А Полина? Призрак в дверном проеме…
Нина чувствовала, что в душе ее идет колоссальная борьба. Она отчаянно искала способ убедить себя в том, что случившееся не было настолько кошмарным. Мысли беспорядочно метались в ее голове. Нина думала о том, что произошло и что могло бы произойти, поведи она себя иначе. Мысль об Инге принесла ей минутное облегчение. Если бы Нина не сбежала на Запад, то не смогла бы помочь ей в Бонне. По крайней мере, это хоть какое-то утешение.
Синтия, склонившись над Ниной, вытирала ей слезы, стараясь не зацепить термометр. Нина не сопротивлялась: даже слабое напряжение мышц вызывало во всем теле сильную боль.
Вытянув термометр изо рта Нины и убедившись, что она не упадет с кресла-каталки, Синтия поставила напротив нее стул, уселась и взяла холодную Нинину руку в свои ладони. Лицо медсестры оставалось бесстрастным.
«Значит, так выглядит сострадание», — с удивлением подумала Нина.
— Вы слишком добры ко мне, Синтия. Я этого не заслуживаю.
— Вы снова принялись за старое? Будете спорить со мной о том, кто что заслужил?
— Я совершила ужасную ошибку.
— Однажды я уже говорила вам, что думаю об ошибках: никогда не поздно их исправить.

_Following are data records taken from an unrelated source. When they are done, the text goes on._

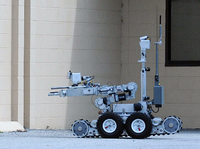 Mit einem ähnlichen Roboter schaltete die Polizei in Dallas einen Verdächtigen aus.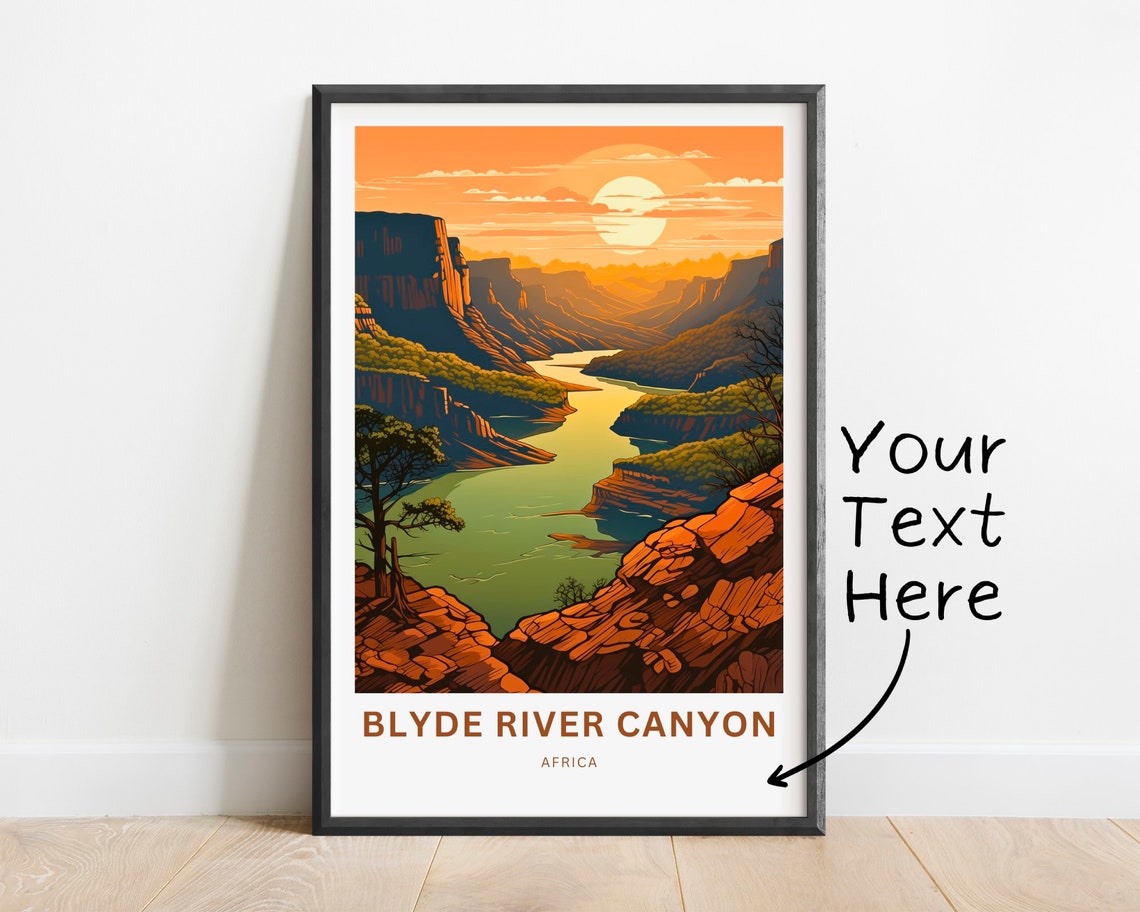 Blyde River Canyon South Africa Sunset Personalized Travel Poster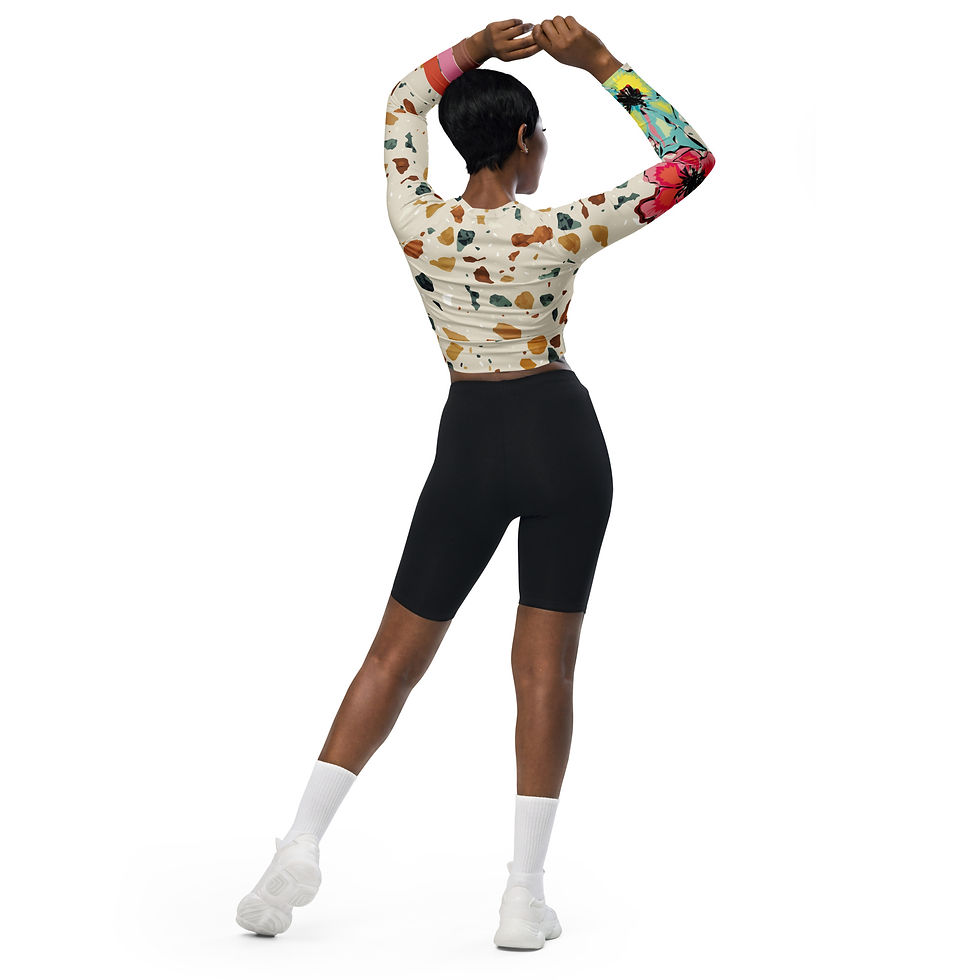 Miniatura: Recycled long-sleeve crop top
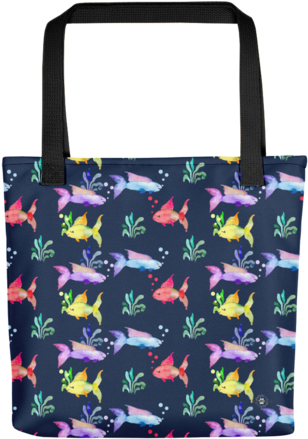 Fashion Tote Bag With A Zipper - Tote Bag (480x480), Png Download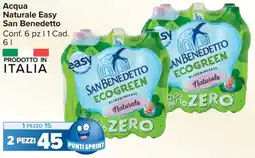 Carrefour Market Acqua Naturale Easy San Benedetto offerta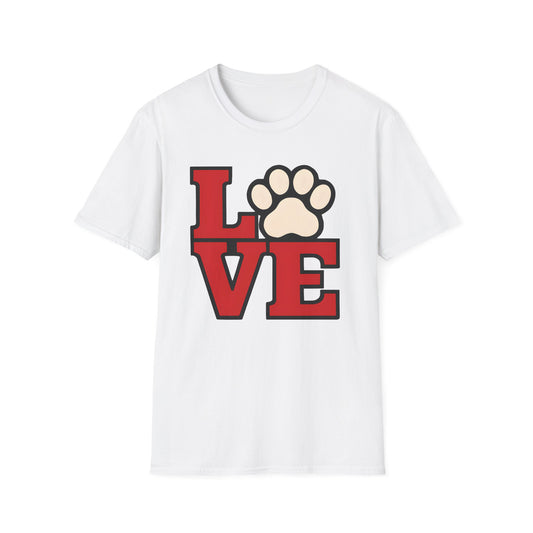 Love With Dog Paw T-Shirt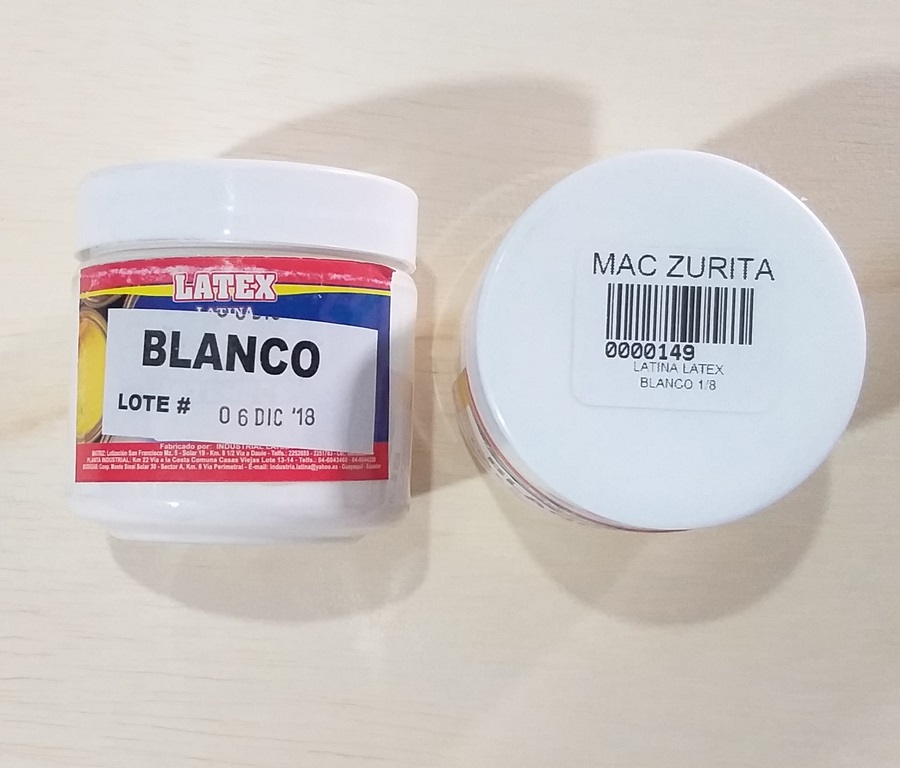 LATINA LATEX BLANCO 1/8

— К сожалению, поздно. Эти люди давно уже мертвы…
Все мертвы… Виктор… Вера… Верины родители… Проклятые ошибки! Сосед сказал мне… Даже ее собственный дядя… Горы трупов. Конечно, уже слишком поздно пытаться что-то исправить. Все эти люди умерли, умерли ни за что, оставив после себя лишь воспоминания в сердце старухи настолько немощной, что она и дня не проживет без помощи медсестры.
— О чем вы говорите?! Я неспособна даже вытереть слезы.

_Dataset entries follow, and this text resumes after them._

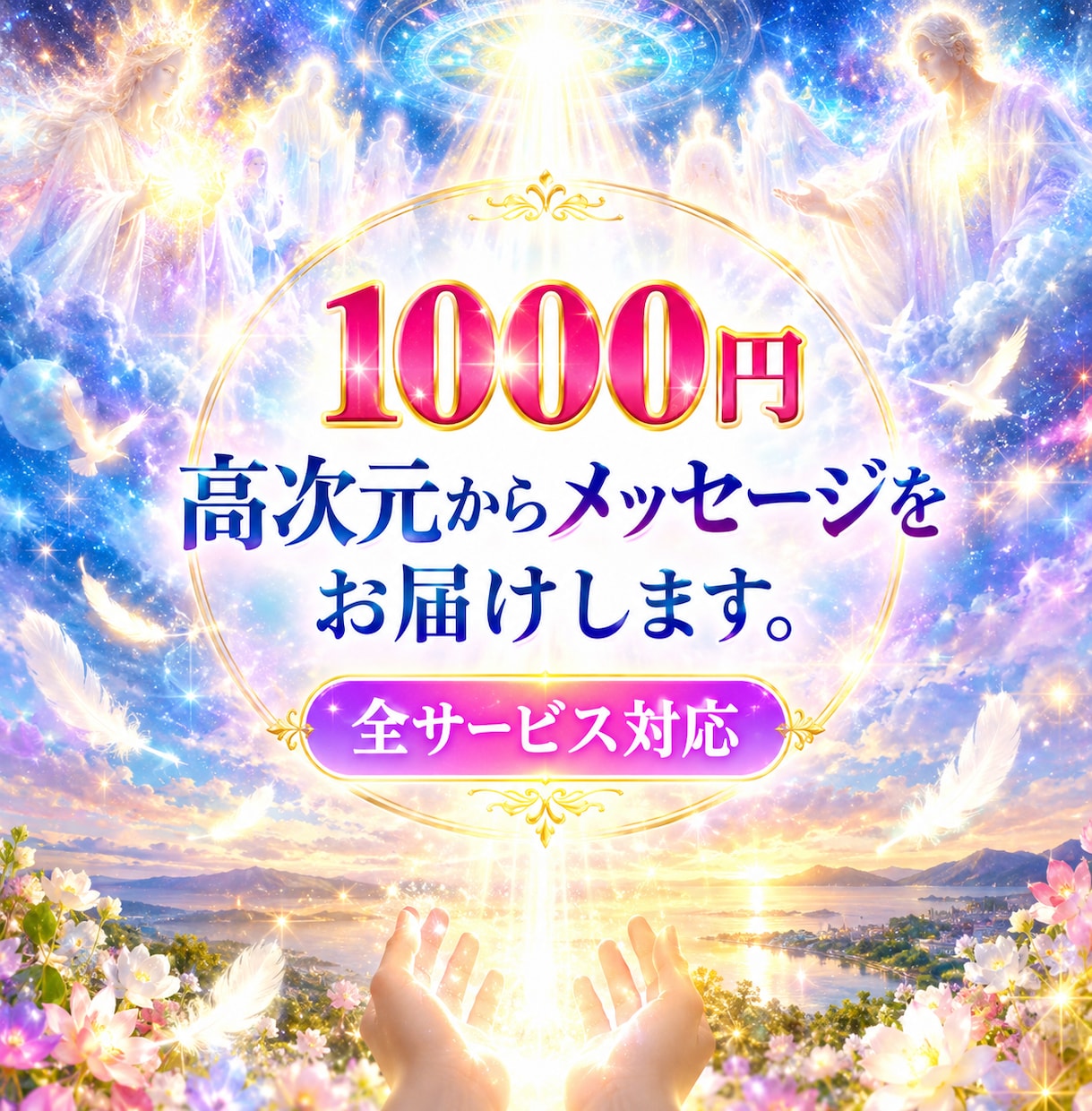 1000円お試し・高次元メッセージ鑑定します 全メニュー対応・高次元からあなたの魂の現在地を視ます イメージ1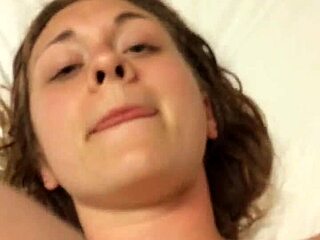young teen gets her tight pussy fucked in pov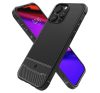 Spigen Rugged Armor MagFit Apple iPhone 15 Pro Max tok, MagSafe, Matte Black, fekete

Синтия крепко сжала ее ладонь.
Верина рука сжимает ее пальцы. Вступительный экзамен в хореографическом училище…
Нина прикрыла глаза. Сердце ныло…
— Кто после моей смерти вспомнит о них? А ведь они были настоящими людьми.
Глупо вышло. Она хотела сказать совсем другое. Чудовищно то, что со смертью ее друзей весь их жизненный опыт, все их мысли и чувства будут навсегда утеряны для остальных. И после ее смерти никто не узнает, какими они были на самом деле. Думая об этом, Нина поняла, что должна сделать.

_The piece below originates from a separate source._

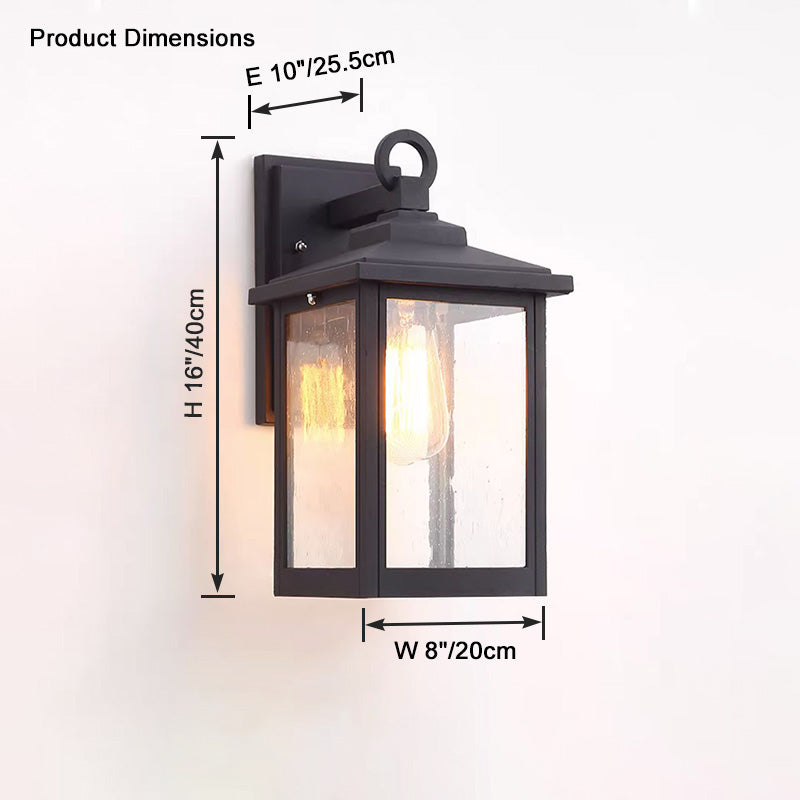 WOMO Outdoor Wall Lantern-WM9154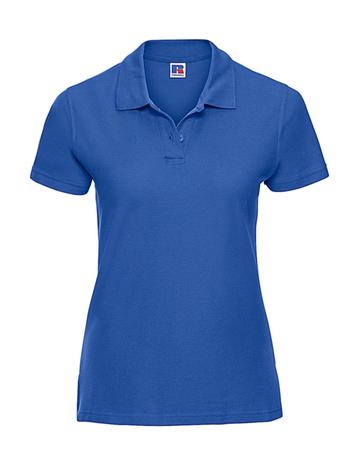 Polo en coton de qualité supérieure pour femmes - 316 - Azuré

Ее глаза открылись, тело уже не было слабым.
— Синтия! Подвезите меня, пожалуйста, к столу.
Мысль была ясной, словно только и ждала момента, когда Нина обратит на нее внимание.
— Нормально? — спросила медсестра, подтолкнув инвалидное кресло к письменному столу. — Вы уверены, что вам стало лучше?
— Да, спасибо. Большое спасибо. Но мне еще понадобится ваша помощь.
Подумав немного, Нина сняла с шариковой ручки колпачок. Надо написать письмо, сделать официальное заявление, позвонить… На секунду она замешкалась, не зная, что сделать в первую очередь. Слишком многое надо сказать, и для этого одного заявления будет недостаточно. Но надо же с чего-нибудь начать.